§ TASK ITEM:
Your answer is to be the exact text of the lines from the one containing "Колби Ковингтон сообщил" through the final line of the entries, restated in full, with pictures omitted.

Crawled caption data
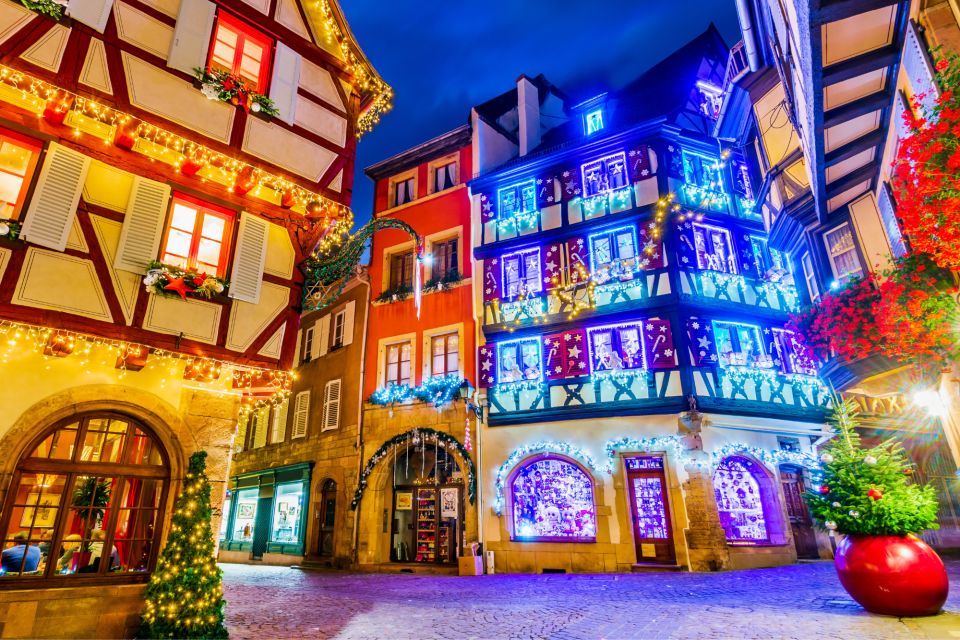 Colmar: First Discovery Walk and Reading Walking Tour - Important Tour Details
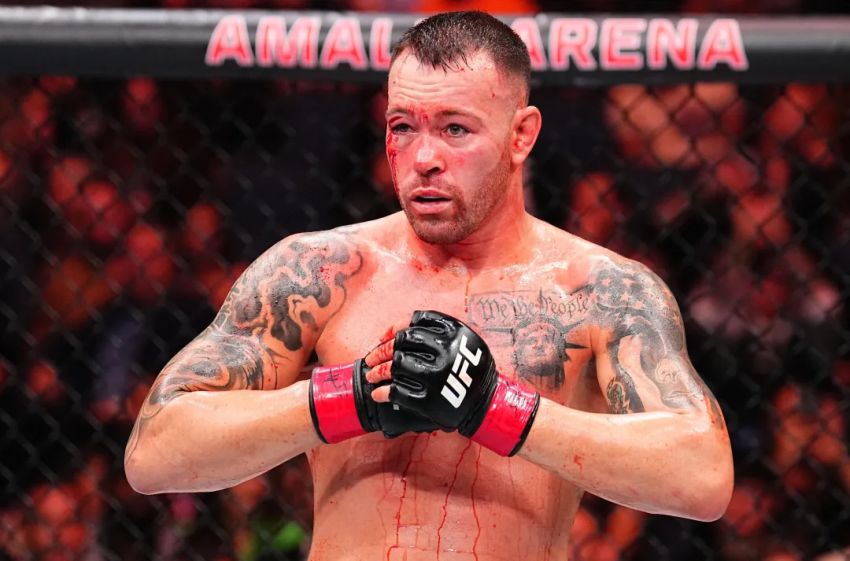 Колби Ковингтон сообщил UFC, что завершил карьеру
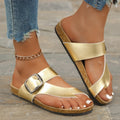 Damen Sandalen – Slip-On Komfort für entspannte Sommertage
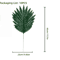 Tropical Palm Leaves Set Artificial Jungle Leaf Decorations For Party Home Styling 7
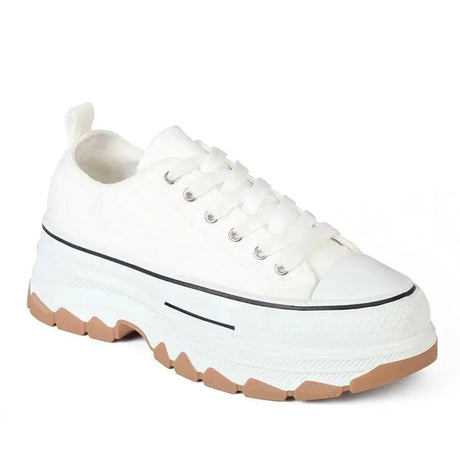 ZAPATILLA MUJER STHEF TRENDY BLANCO 7889 Sthef
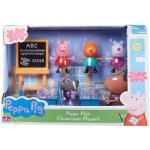 TM Toys Hrací set Peppa Pig škola – Zboží Dáma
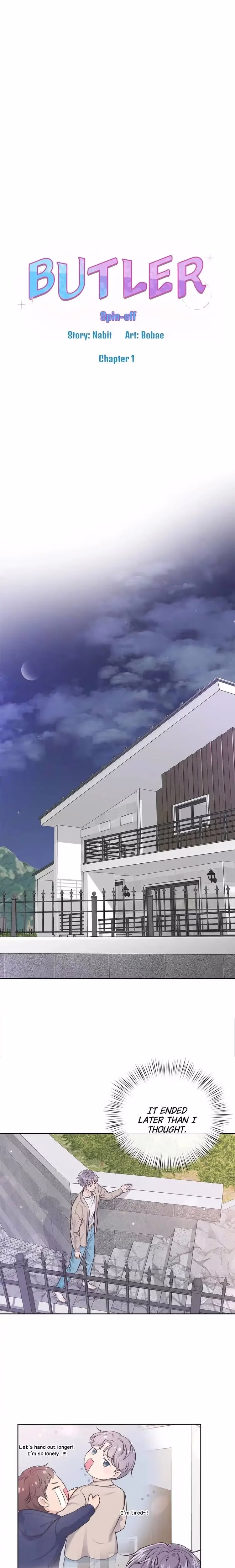 Butler (Nabit) - Chapter 66 - Part 6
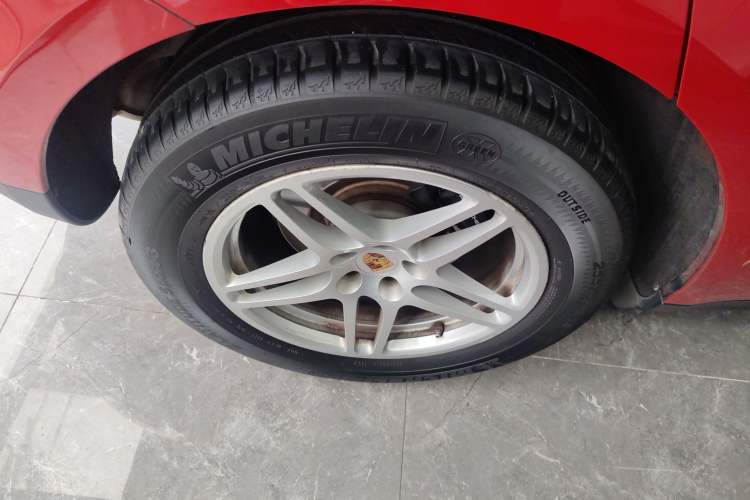 Used Porsche Macan 2021 Macan 2.0T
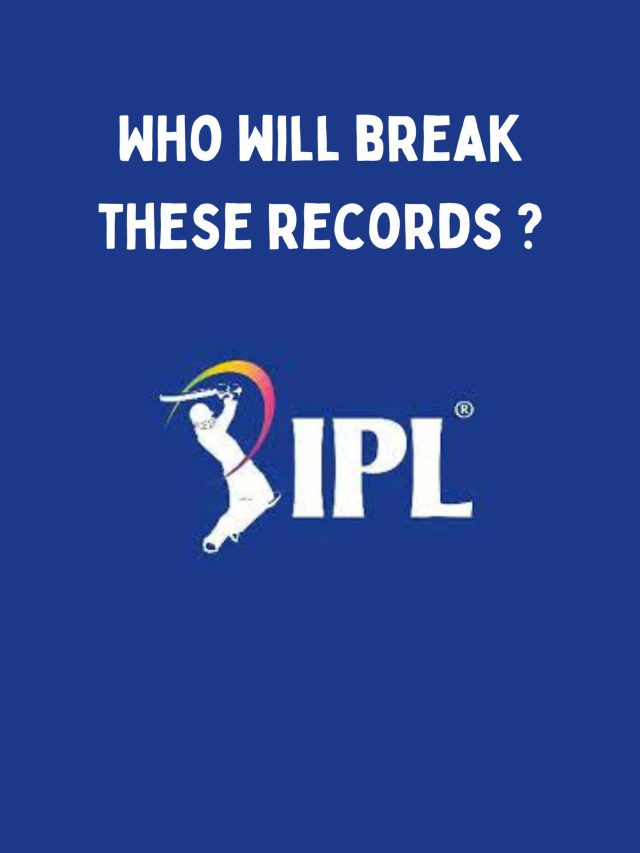 Who will break these records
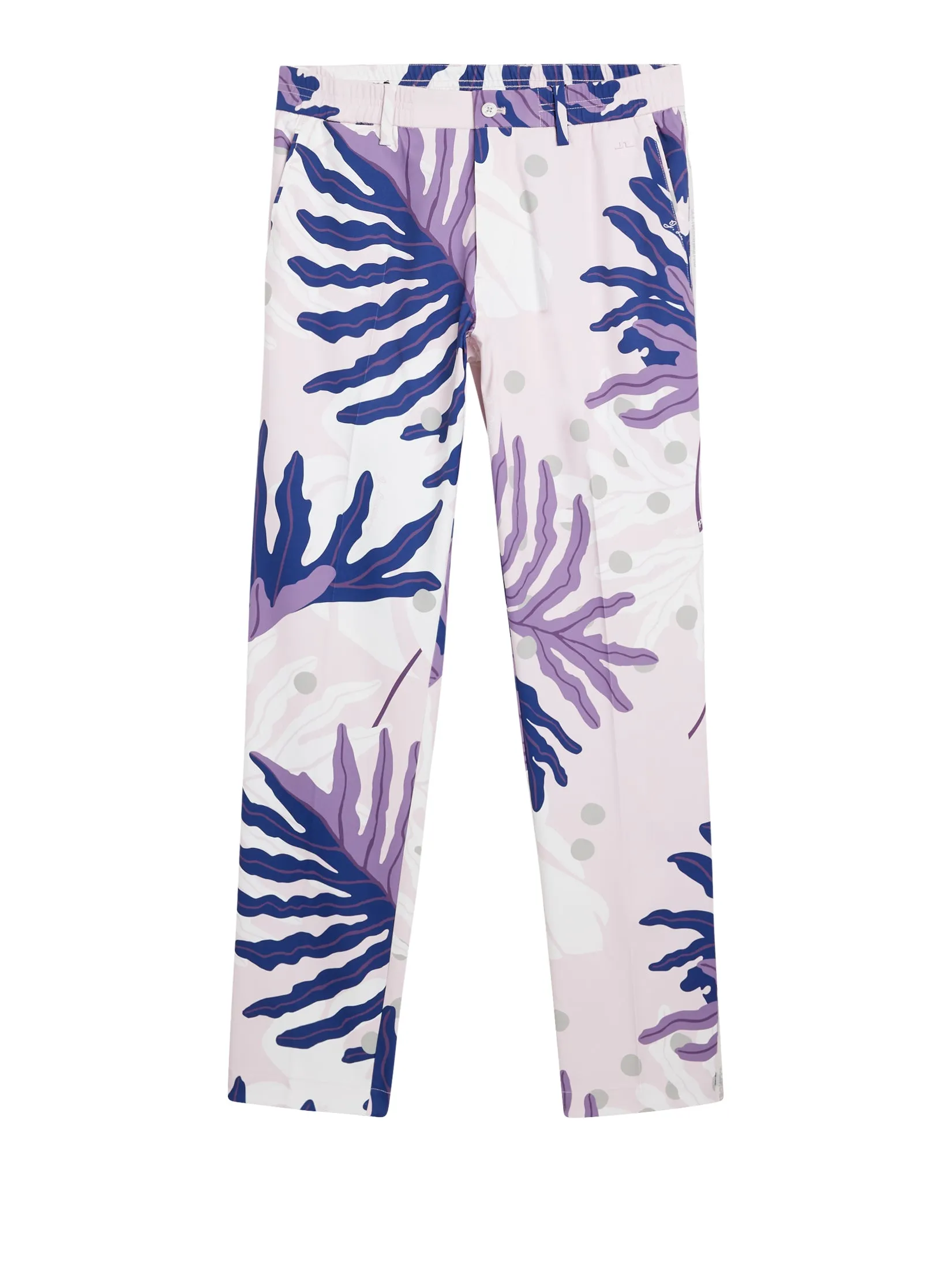 Stuart Print Stripe Pant Everyday Casual Wear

§ THE ANSWER:
 Колби Ковингтон сообщил UFC, что завершил карьеру
 Damen Sandalen – Slip-On Komfort für entspannte Sommertage
 Tropical Palm Leaves Set Artificial Jungle Leaf Decorations For Party Home Styling 7
 ZAPATILLA MUJER STHEF TRENDY BLANCO 7889 Sthef
 TM Toys Hrací set Peppa Pig škola – Zboží Dáma
 Butler (Nabit) - Chapter 66 - Part 6
 Used Porsche Macan 2021 Macan 2.0T
 Who will break these records
 Stuart Print Stripe Pant Everyday Casual Wear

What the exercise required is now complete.